Brief descriptive captions:
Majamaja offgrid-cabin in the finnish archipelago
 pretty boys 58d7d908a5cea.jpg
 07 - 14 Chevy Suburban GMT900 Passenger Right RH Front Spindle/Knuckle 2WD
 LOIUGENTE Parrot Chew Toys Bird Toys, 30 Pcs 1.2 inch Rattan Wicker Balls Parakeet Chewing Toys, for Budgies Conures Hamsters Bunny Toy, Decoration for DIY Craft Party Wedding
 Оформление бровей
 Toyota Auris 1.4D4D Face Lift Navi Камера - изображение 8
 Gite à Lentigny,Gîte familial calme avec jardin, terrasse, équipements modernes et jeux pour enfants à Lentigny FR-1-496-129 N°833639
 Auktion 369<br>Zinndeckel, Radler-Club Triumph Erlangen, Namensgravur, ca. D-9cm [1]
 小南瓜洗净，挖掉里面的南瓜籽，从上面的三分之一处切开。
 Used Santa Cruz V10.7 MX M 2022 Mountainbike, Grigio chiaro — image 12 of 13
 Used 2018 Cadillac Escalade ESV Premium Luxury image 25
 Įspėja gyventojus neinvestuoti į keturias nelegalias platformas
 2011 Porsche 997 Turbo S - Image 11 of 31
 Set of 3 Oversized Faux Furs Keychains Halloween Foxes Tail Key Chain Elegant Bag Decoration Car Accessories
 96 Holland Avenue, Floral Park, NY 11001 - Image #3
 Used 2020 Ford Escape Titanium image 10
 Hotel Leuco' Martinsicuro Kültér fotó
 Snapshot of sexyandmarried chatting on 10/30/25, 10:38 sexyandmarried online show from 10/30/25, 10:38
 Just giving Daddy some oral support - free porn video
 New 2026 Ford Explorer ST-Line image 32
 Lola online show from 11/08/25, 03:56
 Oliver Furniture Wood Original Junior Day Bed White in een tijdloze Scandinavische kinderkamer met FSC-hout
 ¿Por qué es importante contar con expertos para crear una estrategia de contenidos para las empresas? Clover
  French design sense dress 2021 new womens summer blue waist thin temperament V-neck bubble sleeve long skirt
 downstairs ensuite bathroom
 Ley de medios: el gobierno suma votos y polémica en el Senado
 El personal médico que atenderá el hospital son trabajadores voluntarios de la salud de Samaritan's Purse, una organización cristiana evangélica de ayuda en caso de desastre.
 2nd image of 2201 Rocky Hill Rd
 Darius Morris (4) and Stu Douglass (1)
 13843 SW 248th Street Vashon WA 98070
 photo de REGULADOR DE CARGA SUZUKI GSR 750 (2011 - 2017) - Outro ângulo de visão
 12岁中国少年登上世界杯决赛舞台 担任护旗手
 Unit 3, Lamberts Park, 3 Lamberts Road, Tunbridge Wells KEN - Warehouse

▶ **Your instructions**: A reply that repeats all the data exactly is required.

▶ **Exercise output**:
Majamaja offgrid-cabin in the finnish archipelago
 pretty boys 58d7d908a5cea.jpg
 07 - 14 Chevy Suburban GMT900 Passenger Right RH Front Spindle/Knuckle 2WD
 LOIUGENTE Parrot Chew Toys Bird Toys, 30 Pcs 1.2 inch Rattan Wicker Balls Parakeet Chewing Toys, for Budgies Conures Hamsters Bunny Toy, Decoration for DIY Craft Party Wedding
 Оформление бровей
 Toyota Auris 1.4D4D Face Lift Navi Камера - изображение 8
 Gite à Lentigny,Gîte familial calme avec jardin, terrasse, équipements modernes et jeux pour enfants à Lentigny FR-1-496-129 N°833639
 Auktion 369<br>Zinndeckel, Radler-Club Triumph Erlangen, Namensgravur, ca. D-9cm [1]
 小南瓜洗净，挖掉里面的南瓜籽，从上面的三分之一处切开。
 Used Santa Cruz V10.7 MX M 2022 Mountainbike, Grigio chiaro — image 12 of 13
 Used 2018 Cadillac Escalade ESV Premium Luxury image 25
 Įspėja gyventojus neinvestuoti į keturias nelegalias platformas
 2011 Porsche 997 Turbo S - Image 11 of 31
 Set of 3 Oversized Faux Furs Keychains Halloween Foxes Tail Key Chain Elegant Bag Decoration Car Accessories
 96 Holland Avenue, Floral Park, NY 11001 - Image #3
 Used 2020 Ford Escape Titanium image 10
 Hotel Leuco' Martinsicuro Kültér fotó
 Snapshot of sexyandmarried chatting on 10/30/25, 10:38 sexyandmarried online show from 10/30/25, 10:38
 Just giving Daddy some oral support - free porn video
 New 2026 Ford Explorer ST-Line image 32
 Lola online show from 11/08/25, 03:56
 Oliver Furniture Wood Original Junior Day Bed White in een tijdloze Scandinavische kinderkamer met FSC-hout
 ¿Por qué es importante contar con expertos para crear una estrategia de contenidos para las empresas? Clover
  French design sense dress 2021 new womens summer blue waist thin temperament V-neck bubble sleeve long skirt
 downstairs ensuite bathroom
 Ley de medios: el gobierno suma votos y polémica en el Senado
 El personal médico que atenderá el hospital son trabajadores voluntarios de la salud de Samaritan's Purse, una organización cristiana evangélica de ayuda en caso de desastre.
 2nd image of 2201 Rocky Hill Rd
 Darius Morris (4) and Stu Douglass (1)
 13843 SW 248th Street Vashon WA 98070
 photo de REGULADOR DE CARGA SUZUKI GSR 750 (2011 - 2017) - Outro ângulo de visão
 12岁中国少年登上世界杯决赛舞台 担任护旗手
 Unit 3, Lamberts Park, 3 Lamberts Road, Tunbridge Wells KEN - Warehouse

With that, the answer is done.